Give back exactly the lines of the entries below from the line with "Bộ Sản Phẩm 4 Món Foreo Into The Deep" to the line with "Naruto-Quest 3 - The", inclusive, and only those.

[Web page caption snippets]
=== Section Start ===

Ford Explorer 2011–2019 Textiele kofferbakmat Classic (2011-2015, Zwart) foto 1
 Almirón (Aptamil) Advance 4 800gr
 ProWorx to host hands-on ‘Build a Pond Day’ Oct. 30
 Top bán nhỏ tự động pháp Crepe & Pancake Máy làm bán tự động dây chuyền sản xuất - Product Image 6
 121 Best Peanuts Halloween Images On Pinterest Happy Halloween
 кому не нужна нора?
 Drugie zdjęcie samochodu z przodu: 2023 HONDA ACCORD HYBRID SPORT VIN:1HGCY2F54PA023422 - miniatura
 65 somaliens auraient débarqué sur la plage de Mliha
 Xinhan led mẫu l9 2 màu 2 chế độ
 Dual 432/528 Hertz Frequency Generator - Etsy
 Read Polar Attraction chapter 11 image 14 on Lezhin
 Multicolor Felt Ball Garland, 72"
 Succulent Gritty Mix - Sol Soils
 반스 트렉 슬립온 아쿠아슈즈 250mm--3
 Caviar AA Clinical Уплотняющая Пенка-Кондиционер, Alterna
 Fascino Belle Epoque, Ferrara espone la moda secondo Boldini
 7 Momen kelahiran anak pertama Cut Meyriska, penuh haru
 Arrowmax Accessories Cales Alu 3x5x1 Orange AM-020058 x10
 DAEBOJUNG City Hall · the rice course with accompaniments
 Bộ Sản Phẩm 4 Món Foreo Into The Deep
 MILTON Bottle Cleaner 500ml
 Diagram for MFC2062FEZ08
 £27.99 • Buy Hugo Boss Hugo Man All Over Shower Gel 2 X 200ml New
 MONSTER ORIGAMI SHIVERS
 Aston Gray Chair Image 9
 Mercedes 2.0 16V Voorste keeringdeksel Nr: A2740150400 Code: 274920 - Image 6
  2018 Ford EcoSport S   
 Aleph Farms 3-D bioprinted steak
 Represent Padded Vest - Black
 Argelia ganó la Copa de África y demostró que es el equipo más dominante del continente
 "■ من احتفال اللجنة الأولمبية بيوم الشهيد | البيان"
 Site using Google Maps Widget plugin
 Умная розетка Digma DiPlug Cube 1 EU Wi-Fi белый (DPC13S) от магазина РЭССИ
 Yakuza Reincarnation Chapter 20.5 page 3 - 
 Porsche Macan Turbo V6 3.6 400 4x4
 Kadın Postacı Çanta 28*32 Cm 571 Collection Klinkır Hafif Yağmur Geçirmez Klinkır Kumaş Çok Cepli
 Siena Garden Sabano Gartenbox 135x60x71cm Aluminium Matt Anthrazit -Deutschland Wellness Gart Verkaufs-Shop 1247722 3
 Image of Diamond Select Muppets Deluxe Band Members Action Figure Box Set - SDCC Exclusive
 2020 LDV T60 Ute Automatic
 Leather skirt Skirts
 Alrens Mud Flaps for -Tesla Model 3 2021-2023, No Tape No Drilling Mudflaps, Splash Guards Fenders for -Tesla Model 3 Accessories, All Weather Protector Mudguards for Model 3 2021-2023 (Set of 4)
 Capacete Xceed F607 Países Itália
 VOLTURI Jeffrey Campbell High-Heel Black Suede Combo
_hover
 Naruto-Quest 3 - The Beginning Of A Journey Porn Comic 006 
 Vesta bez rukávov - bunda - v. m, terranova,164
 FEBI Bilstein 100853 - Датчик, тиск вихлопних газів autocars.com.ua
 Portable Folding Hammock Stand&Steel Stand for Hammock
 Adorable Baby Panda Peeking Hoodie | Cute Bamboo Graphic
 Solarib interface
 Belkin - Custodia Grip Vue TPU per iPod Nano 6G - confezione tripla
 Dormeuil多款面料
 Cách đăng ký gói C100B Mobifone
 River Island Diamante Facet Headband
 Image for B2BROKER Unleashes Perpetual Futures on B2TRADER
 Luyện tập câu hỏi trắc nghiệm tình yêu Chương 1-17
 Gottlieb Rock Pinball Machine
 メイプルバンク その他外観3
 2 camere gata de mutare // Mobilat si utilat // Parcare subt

=== Section End ===

--- Result ---
 Bộ Sản Phẩm 4 Món Foreo Into The Deep
 MILTON Bottle Cleaner 500ml
 Diagram for MFC2062FEZ08
 £27.99 • Buy Hugo Boss Hugo Man All Over Shower Gel 2 X 200ml New
 MONSTER ORIGAMI SHIVERS
 Aston Gray Chair Image 9
 Mercedes 2.0 16V Voorste keeringdeksel Nr: A2740150400 Code: 274920 - Image 6
  2018 Ford EcoSport S   
 Aleph Farms 3-D bioprinted steak
 Represent Padded Vest - Black
 Argelia ganó la Copa de África y demostró que es el equipo más dominante del continente
 "■ من احتفال اللجنة الأولمبية بيوم الشهيد | البيان"
 Site using Google Maps Widget plugin
 Умная розетка Digma DiPlug Cube 1 EU Wi-Fi белый (DPC13S) от магазина РЭССИ
 Yakuza Reincarnation Chapter 20.5 page 3 - 
 Porsche Macan Turbo V6 3.6 400 4x4
 Kadın Postacı Çanta 28*32 Cm 571 Collection Klinkır Hafif Yağmur Geçirmez Klinkır Kumaş Çok Cepli
 Siena Garden Sabano Gartenbox 135x60x71cm Aluminium Matt Anthrazit -Deutschland Wellness Gart Verkaufs-Shop 1247722 3
 Image of Diamond Select Muppets Deluxe Band Members Action Figure Box Set - SDCC Exclusive
 2020 LDV T60 Ute Automatic
 Leather skirt Skirts
 Alrens Mud Flaps for -Tesla Model 3 2021-2023, No Tape No Drilling Mudflaps, Splash Guards Fenders for -Tesla Model 3 Accessories, All Weather Protector Mudguards for Model 3 2021-2023 (Set of 4)
 Capacete Xceed F607 Países Itália
 VOLTURI Jeffrey Campbell High-Heel Black Suede Combo
_hover
 Naruto-Quest 3 - The Beginning Of A Journey Porn Comic 006 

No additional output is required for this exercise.